“Don’t you dare go and faint on me!” threatened that unsympathetic young person. “If you do, I’ll spill water over your new rosebud stock. I mean it, Elizabeth!”
“You shan’t!” I retorted; and sat up, clutching my precious embroidered collar with one hand, while I extended the other for the contract.
Ernie picked up the yellow-backed magazine, which she had dropped in the window when she began her wild war-dance, and extracted a legal-looking document.
“Here it is,” she said; “and it was by the merest chance I found it. I knew there would be nothing in Cayler’s to interest us, though some stray engineer in Manila might like it. And I was just about to put it with these other magazines we don’t want,—when I noticed the date, and that made me think of dear father. So I opened it, just to see what he had been reading, and the first thing I came on was the contract! Oh, Elizabeth, he must have slipped it in here on his way home from Mr. Perry’s office that very afternoon! How natural it seems! And Rose cleared it away later, and we never suspected! Well!”
By this time Ernie and I were reading the document through, our heads close together in the window, our hearts thumping. Despite the legal verbiage which we did not altogether understand, despite the fast-fading light, there could be no doubt. The Dump-Cart Contract was found!

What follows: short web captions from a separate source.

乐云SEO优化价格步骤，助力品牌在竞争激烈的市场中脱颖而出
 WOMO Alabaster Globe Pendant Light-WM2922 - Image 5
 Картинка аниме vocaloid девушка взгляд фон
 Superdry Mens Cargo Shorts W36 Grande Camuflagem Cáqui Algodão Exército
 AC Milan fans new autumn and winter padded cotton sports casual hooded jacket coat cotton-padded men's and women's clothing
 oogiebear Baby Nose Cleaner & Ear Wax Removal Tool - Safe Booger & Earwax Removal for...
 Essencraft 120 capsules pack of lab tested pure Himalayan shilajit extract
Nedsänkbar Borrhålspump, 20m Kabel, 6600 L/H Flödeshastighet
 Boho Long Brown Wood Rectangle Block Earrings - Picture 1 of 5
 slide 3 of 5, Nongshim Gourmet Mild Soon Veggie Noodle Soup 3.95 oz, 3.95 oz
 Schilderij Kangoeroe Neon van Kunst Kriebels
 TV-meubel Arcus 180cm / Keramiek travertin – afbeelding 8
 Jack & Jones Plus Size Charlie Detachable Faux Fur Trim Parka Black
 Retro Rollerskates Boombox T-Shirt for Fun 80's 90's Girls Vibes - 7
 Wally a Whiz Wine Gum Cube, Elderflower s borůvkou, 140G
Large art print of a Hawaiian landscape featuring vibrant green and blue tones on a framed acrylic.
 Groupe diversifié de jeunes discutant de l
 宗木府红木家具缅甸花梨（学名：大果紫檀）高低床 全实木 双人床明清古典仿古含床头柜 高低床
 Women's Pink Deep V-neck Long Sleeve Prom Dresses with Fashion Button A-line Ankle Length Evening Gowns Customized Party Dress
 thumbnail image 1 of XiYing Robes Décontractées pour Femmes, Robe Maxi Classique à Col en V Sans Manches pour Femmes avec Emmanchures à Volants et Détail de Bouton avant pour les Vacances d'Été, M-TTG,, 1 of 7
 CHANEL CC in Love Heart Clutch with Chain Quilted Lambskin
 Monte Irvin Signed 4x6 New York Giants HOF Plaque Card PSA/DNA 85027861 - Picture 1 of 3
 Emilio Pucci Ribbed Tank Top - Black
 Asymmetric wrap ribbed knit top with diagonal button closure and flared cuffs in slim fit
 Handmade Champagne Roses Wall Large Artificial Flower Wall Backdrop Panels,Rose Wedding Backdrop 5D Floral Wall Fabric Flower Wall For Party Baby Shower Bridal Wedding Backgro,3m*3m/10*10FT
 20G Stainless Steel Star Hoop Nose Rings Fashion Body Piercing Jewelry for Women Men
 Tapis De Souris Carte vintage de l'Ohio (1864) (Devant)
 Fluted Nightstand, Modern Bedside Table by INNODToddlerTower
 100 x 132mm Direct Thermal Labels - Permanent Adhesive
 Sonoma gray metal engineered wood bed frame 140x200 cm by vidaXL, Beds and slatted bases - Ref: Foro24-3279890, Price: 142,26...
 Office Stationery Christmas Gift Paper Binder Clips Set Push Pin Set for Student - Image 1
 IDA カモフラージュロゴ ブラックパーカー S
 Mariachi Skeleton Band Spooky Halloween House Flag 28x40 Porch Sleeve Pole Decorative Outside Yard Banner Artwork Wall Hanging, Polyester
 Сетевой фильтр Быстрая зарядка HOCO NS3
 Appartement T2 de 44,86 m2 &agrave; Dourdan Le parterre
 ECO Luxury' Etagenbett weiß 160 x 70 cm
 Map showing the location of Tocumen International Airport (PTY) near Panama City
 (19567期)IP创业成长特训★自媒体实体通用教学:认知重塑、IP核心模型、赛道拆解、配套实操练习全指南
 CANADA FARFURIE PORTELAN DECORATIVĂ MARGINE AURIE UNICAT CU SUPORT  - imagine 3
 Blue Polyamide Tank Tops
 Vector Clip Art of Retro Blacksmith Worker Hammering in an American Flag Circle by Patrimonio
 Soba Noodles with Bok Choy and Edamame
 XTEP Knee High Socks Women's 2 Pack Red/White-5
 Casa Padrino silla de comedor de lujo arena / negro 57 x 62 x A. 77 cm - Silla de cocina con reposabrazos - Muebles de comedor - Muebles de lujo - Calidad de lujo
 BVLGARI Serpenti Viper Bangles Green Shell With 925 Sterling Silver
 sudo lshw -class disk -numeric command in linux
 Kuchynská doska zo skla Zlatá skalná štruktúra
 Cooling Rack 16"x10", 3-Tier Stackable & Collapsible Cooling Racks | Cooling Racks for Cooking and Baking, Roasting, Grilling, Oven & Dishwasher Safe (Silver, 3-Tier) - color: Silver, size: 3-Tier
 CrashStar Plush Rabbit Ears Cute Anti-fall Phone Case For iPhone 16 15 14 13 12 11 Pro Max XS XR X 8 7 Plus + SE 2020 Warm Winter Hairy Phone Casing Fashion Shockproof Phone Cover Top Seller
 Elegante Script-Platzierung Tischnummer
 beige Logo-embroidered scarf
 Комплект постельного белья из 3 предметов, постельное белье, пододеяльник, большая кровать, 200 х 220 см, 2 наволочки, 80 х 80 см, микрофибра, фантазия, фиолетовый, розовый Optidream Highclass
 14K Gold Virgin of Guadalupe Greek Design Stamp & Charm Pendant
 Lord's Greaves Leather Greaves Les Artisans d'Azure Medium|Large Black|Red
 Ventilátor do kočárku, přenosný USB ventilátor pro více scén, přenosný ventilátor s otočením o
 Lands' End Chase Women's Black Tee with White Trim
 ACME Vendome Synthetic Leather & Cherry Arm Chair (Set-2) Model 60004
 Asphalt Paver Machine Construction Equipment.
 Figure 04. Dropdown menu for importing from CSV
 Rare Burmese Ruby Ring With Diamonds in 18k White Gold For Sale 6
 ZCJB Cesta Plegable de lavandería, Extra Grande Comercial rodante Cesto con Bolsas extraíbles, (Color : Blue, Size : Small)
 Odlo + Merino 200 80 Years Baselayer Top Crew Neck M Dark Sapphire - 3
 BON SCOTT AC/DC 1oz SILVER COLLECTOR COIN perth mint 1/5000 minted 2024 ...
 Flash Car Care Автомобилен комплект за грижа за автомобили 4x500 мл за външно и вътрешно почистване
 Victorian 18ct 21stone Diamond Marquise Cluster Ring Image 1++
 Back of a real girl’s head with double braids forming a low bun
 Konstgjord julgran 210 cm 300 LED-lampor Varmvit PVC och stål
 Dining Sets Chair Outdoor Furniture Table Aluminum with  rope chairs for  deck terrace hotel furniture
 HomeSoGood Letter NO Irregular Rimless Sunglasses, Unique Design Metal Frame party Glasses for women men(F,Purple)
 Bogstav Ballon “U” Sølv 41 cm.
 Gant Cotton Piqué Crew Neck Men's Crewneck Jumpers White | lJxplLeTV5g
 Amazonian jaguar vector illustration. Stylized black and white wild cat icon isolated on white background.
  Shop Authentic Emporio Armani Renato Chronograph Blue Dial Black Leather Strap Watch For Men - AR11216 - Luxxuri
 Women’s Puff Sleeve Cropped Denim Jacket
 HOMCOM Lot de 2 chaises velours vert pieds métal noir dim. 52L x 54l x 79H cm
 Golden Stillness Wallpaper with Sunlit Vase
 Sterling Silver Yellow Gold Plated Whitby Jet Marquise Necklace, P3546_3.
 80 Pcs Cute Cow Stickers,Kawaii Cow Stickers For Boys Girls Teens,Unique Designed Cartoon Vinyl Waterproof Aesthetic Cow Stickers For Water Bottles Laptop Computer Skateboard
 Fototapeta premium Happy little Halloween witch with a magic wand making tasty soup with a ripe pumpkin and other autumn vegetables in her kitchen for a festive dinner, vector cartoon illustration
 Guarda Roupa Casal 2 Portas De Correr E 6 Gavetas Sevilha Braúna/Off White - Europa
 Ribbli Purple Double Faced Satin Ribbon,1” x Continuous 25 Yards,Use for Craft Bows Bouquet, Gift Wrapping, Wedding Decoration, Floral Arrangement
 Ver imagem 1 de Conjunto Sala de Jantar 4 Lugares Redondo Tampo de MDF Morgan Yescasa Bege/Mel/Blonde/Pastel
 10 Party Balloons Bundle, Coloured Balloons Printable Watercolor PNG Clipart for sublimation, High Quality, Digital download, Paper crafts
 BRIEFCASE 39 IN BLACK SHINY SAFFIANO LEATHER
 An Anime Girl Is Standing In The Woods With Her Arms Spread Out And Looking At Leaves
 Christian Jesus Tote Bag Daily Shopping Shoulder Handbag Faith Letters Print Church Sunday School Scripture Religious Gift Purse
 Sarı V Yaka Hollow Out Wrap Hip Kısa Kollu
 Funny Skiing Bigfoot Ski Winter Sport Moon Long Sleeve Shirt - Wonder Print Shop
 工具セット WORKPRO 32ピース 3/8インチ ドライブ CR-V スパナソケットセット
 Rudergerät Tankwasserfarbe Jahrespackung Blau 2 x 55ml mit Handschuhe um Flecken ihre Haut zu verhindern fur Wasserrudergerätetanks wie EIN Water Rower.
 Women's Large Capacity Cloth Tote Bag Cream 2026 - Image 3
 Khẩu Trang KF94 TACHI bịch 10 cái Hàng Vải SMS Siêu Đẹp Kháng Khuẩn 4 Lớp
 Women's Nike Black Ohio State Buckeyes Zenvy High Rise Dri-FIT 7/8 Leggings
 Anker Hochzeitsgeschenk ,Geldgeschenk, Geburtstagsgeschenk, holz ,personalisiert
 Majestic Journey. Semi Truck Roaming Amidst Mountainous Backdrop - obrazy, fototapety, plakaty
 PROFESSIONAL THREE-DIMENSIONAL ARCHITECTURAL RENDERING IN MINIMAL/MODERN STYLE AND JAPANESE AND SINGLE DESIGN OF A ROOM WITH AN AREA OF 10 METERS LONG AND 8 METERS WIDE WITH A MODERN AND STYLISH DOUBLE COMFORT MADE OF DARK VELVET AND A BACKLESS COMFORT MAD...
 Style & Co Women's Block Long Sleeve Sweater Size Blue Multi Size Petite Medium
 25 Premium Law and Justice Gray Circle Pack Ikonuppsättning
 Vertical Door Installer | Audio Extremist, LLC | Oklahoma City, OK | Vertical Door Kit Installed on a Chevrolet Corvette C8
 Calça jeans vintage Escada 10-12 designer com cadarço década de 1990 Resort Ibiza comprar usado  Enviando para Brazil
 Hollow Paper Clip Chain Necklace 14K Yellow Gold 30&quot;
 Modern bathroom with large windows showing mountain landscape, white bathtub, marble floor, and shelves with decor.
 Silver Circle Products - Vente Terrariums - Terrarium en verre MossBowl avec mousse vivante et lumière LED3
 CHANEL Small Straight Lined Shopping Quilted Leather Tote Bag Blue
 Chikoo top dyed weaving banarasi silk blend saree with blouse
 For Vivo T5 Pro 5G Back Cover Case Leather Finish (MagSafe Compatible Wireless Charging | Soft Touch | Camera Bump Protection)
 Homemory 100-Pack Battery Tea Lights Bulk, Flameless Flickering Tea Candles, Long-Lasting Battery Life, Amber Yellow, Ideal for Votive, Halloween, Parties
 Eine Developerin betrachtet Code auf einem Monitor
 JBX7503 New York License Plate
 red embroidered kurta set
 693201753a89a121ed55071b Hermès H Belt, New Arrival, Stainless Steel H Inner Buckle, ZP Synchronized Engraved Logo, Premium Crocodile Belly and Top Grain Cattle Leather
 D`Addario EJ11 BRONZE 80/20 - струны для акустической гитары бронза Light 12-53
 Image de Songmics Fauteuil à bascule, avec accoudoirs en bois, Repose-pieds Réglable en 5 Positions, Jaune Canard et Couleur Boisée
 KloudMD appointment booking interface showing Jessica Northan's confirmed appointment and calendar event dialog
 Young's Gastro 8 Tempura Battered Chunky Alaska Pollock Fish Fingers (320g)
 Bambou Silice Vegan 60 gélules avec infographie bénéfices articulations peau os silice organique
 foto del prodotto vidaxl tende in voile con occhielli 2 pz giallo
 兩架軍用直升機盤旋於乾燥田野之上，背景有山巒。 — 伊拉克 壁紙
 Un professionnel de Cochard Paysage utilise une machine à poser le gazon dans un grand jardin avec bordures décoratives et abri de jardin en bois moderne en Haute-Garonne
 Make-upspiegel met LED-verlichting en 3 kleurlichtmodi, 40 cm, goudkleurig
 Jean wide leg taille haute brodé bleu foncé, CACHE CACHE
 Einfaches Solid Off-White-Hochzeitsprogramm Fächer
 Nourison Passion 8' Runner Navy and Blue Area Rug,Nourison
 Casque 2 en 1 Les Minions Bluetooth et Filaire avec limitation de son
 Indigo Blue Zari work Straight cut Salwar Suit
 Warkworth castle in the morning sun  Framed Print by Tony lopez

It was also dated, witnessed, and signed, with a pathetic little blot of ink under the dear familiar G stem in father’s name.
At first we could hardly believe our good fortune!
“Five per cent. of whatever profits the invention is making,” gasped Ernie,—“and perhaps some back money, too! Oh, Elizabeth, the boarders can leave whenever they like, now! The quicker the better—We can shut up this house, and go away to the country. Robin shall play in the clover fields, you shall drink buttermilk, and I will start a chicken farm! What a lovely surprise for mother!”
And she threw her arms about my neck, and for a while we wept and laughed together.
“And to think how ungrateful we were this very afternoon! It makes one rather ashamed doesn’t it, dear?” I concluded, with a penitent sniff. “Haze and I will go and see Uncle George this evening. He will advise us.”
“About what?” asked Hazard’s voice, with a worried little accent, from the attic stairs. “Has anything happened? Is there bad news from mother?”